BERTUAHPOS — Minimnya investasi asing, membuktikan bahwa Indonesia sejauh ini belum dilirik. Ada sederet faktor yang menjadi penyebabnya, kata Ekonom dari Center for Strategic and International Studies (CSIS) Yose Rizal Damuri, dikutip dari Bisnis.com, Rabu, 7 Mei 2025.
Salah satu penyebab utamanya, kata dia, adalah ketidakpastian dalam lingkungan bisnis yang dinilai belum mendukung iklim investasi jangka panjang. Dalam Forum Bisnis Indonesia bertajuk “Diteror Trump dan Diancam Xi Jinping, Bagaimana Nasib Ekonomi Indonesia?” Yose memaparkan bahwa kondisi geopolitik global, khususnya kebijakan tarif resiprokal Presiden AS Donald Trump terhadap beberapa negara, telah mendorong banyak investor untuk memindahkan basis produksi mereka, terutama dari China.

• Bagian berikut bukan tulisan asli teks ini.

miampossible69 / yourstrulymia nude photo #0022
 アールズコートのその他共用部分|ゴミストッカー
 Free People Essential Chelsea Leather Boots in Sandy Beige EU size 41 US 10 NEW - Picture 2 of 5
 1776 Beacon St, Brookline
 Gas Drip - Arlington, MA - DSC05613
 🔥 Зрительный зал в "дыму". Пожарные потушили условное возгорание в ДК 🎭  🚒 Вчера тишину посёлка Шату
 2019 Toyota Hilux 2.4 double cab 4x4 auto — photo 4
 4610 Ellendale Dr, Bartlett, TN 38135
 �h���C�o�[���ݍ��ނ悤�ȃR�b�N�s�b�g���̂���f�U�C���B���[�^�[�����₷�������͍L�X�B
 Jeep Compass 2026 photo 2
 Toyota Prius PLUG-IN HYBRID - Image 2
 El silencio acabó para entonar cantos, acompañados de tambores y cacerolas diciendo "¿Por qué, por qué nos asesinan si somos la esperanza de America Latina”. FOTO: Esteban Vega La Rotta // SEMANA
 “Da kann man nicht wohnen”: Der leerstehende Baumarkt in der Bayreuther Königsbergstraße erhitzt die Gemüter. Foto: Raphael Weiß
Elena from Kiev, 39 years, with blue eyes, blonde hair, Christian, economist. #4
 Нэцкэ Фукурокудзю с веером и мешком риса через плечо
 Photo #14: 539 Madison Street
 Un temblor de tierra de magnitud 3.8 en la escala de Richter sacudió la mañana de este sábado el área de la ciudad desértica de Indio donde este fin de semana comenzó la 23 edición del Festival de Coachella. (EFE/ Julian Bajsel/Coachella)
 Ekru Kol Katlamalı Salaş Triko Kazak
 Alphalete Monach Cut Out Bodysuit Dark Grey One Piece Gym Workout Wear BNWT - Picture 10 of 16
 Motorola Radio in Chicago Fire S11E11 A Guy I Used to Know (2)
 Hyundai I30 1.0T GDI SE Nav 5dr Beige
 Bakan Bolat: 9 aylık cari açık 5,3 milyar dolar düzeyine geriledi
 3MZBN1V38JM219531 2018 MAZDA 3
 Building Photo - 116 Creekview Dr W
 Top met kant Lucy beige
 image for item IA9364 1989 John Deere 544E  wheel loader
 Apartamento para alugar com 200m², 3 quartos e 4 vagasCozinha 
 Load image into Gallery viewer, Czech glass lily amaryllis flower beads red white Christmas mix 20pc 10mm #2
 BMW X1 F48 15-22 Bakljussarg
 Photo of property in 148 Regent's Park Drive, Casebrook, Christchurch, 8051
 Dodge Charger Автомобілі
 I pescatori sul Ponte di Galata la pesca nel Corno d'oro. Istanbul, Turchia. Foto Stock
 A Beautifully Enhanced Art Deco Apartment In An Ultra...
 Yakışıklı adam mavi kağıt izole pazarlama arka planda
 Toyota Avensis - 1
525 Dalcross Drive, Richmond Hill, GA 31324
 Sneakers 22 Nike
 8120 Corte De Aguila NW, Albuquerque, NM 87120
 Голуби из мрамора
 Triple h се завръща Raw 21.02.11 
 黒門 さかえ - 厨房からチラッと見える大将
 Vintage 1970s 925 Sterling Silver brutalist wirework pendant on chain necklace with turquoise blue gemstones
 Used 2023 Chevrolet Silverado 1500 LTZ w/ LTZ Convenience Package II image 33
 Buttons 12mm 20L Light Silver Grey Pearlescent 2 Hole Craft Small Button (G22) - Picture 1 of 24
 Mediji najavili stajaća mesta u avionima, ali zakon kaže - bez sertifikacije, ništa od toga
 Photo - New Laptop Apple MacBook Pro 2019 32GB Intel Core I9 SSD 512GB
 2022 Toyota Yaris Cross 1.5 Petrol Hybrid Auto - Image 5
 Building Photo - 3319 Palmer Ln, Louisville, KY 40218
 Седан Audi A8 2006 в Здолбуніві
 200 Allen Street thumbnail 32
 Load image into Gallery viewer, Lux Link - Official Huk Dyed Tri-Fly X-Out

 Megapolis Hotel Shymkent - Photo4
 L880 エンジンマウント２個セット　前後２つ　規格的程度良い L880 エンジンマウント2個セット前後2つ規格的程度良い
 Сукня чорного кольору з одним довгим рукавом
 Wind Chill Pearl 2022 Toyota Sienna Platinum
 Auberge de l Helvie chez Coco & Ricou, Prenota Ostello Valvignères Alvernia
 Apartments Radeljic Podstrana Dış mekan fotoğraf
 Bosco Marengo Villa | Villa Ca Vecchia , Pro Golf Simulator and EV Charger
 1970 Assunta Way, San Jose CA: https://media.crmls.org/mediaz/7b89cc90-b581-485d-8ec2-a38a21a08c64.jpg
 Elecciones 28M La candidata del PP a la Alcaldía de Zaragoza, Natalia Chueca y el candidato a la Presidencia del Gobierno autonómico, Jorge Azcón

Namun, Indonesia belum sepenuhnya menjadi destinasi utama relokasi tersebut.
“Kita melihat perpindahan dari negara-negara yang terdampak kebijakan AS, terutama dari China. Tapi relokasi ke Indonesia masih sangat terbatas dibandingkan negara-negara ASEAN lainnya,” ujarnya.
Data 2024 menunjukkan, dari 176 perusahaan Jepang yang merelokasi usahanya dari China, sebanyak 90 perusahaan memilih Vietnam, 25 ke Thailand, 19 ke Malaysia, dan hanya 16 perusahaan yang memutuskan pindah ke Indonesia.
Menurut Yose, rendahnya keterlibatan Indonesia dalam rantai pasok global menjadi salah satu penghambat utama. Struktur produksi Indonesia yang didominasi sektor sumber daya alam dinilai kurang selaras dengan kebutuhan industri manufaktur, yang menjadi fokus banyak perusahaan global.
“China kuat di sektor manufaktur, sementara Indonesia masih bergantung pada natural resources. Perbedaan ini membuat perusahaan berpikir ulang sebelum memindahkan produksinya ke Indonesia,” jelasnya.
Selain tantangan dari sisi struktur produksi, biaya relokasi yang tinggi serta kurangnya integrasi Indonesia dalam rantai pasok global juga menjadi kendala. Yose menyebut bahwa posisi Indonesia masih berada di bawah rata-rata Asia dalam hal integrasi global supply chain, bahkan dibandingkan dengan India, Kamboja, Vietnam, dan Filipina.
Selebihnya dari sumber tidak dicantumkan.